For this, the thesaurus has been indexed in an ElasticSearch instance.¹⁰ ElasticSearch is a search engine that indexes documents for search and retrieval. In our case, thesaurus concepts are indexed as documents, with preferred and alternative labels as document fields. The concept schemes (facets or “axes” in the GTAA) are represented as different ElasticSearch indices which allows for fast search for term matches across and within a concept scheme. When searching for concepts matching a candidate term, ElasticSearch will respond with candidate matches and a score indicating the quality of the match between candidate term and the document.¹¹ In our algorithm, we employ a threshold on this score, resulting in an additional parameter. In this final step, the different categories of candidate terms are matched to a specific concept scheme. Specifically, PERSONs are matched to the “Persoonsnamen” (Person names) concept scheme in the GTAA thesaurus; both the subject terms and MISC terms are mapped to the “Onderwerpen” (Subject) concept scheme; PLACEs are mapped to “Geografische Namen” (Geographical Names); ORGANIZATIONs are mapped to the “Namen” concept scheme, which includes names for organizations.

3.4 Parameters

The algorithm parameters are shown in Table 1. This table shows the parameter name, the default value and the description. All default values can be overridden in the HTTP POST request. These default values were determined in pilot experiments (Sect. 4.1) and the experiment described in Sect. 4.2 was used to determine optimal values for a number of these parameters for a specific task.

Table 1 Parameters and default values for the service

4 Experiments

4.1 Pilot experiments

We performed a number of pilot experiments to fine-tune the setup of the main experiment. In one of these pilot experiments, we compared the output of an earlier version of the algorithm to a gold-standard of existing manual annotations (see Sect. 2.1). The results showed that although there was some overlap,¹² comparing to this gold standard was not deemed by the experts to be an informative evaluation, since many “false positives” identified by the algorithm were identified to be interesting nonetheless. Therefore, in subsequent experiments, we presented the extracted terms to domain experts for evaluation. In this way, only precision of the suggested terms can be determined (no “recall”). This pilot also suggested that the correctness of suggested terms should be determined on a scale rather than correct or incorrect.
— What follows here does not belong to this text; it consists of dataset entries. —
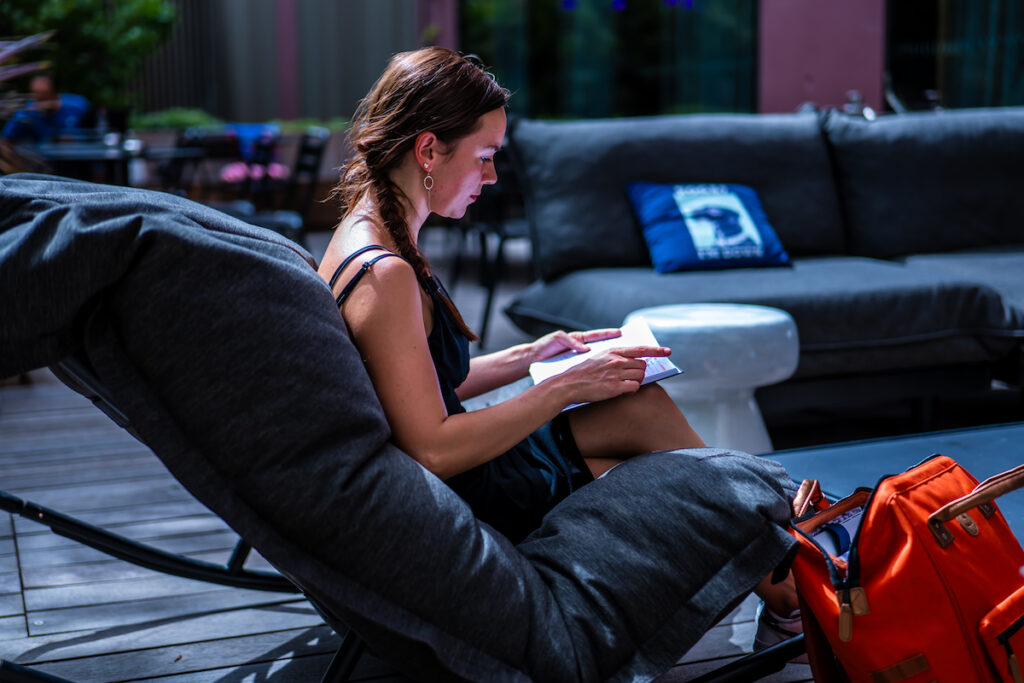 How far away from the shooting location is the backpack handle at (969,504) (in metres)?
1.23

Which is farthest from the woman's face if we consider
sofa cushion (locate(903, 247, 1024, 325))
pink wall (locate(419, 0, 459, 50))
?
pink wall (locate(419, 0, 459, 50))

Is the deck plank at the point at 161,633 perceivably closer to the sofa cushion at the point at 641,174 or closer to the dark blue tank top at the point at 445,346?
the dark blue tank top at the point at 445,346

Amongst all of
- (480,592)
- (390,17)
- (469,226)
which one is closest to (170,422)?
(480,592)

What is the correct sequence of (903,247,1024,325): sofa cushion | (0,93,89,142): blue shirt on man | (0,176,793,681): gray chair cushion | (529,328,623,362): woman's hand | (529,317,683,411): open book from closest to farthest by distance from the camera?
(0,176,793,681): gray chair cushion
(529,317,683,411): open book
(529,328,623,362): woman's hand
(903,247,1024,325): sofa cushion
(0,93,89,142): blue shirt on man

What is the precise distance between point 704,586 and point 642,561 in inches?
3.2

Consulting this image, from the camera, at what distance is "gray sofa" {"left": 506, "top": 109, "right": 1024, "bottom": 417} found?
2.97 meters

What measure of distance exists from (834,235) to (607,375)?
234cm

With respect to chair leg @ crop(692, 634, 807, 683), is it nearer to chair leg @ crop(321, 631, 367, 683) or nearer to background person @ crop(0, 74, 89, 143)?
chair leg @ crop(321, 631, 367, 683)

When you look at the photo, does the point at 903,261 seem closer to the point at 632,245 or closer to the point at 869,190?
the point at 869,190

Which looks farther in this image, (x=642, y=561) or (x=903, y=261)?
(x=903, y=261)

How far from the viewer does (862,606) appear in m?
1.22

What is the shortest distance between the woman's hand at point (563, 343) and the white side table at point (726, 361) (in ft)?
1.74

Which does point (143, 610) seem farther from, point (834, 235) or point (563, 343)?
point (834, 235)

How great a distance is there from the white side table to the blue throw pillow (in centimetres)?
79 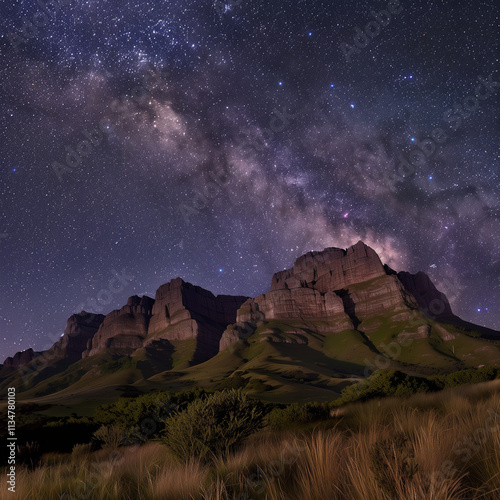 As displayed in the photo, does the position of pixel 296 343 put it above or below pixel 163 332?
below

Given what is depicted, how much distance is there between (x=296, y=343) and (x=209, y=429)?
124 metres

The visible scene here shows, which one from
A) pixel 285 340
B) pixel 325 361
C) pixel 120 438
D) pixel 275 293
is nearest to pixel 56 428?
pixel 120 438

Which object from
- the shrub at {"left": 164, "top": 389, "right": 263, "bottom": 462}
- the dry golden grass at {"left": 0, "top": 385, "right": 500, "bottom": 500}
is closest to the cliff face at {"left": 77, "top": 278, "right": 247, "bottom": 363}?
the shrub at {"left": 164, "top": 389, "right": 263, "bottom": 462}

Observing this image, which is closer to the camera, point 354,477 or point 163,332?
point 354,477

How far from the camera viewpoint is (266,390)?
58.0 m

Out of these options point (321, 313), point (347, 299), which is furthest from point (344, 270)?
point (321, 313)

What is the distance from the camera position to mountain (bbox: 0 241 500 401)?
83062 millimetres

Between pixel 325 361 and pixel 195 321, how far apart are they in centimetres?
8407

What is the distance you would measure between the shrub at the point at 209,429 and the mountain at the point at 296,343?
158 feet

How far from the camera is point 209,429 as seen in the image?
743 cm

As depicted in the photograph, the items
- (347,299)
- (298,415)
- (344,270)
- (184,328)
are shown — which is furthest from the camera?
(344,270)

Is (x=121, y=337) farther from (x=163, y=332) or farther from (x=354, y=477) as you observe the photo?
(x=354, y=477)

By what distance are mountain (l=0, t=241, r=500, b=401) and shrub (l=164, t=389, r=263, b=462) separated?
48.1m

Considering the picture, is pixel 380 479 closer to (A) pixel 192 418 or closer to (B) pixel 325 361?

In a second pilot experiment, we presented extracted terms for random programs to four in-house experts and asked them to rate this on a five point Likert-scale [14]. The results were used to improve the matching algorithm and to focus more on the named entities rather than the generic terms since the matching here seemed to result in more successful matches. Lastly, in feedback to this pilot the experts indicated that for some programs the term extraction was considerably less useful than for others. This was expected but to reduce the amount of noise from programming that from an archival perspective has a lesser degree of annotation priority, we selected programs with a high priority.¹³ For the main experiment we sampled from this subset rather than from the entire collection. From this evaluation we derived default parameter values shown in Table 1 which result in a limited amount of obvious errors including for example the value for P4, P6, P8, P10, P12 and P14 (minimum frequencies for terms to be considered a candidate term).

In the main experiment, the goal was twofold: (1) to determine the quality of the algorithm and (2) to determine optimal values for other system parameters.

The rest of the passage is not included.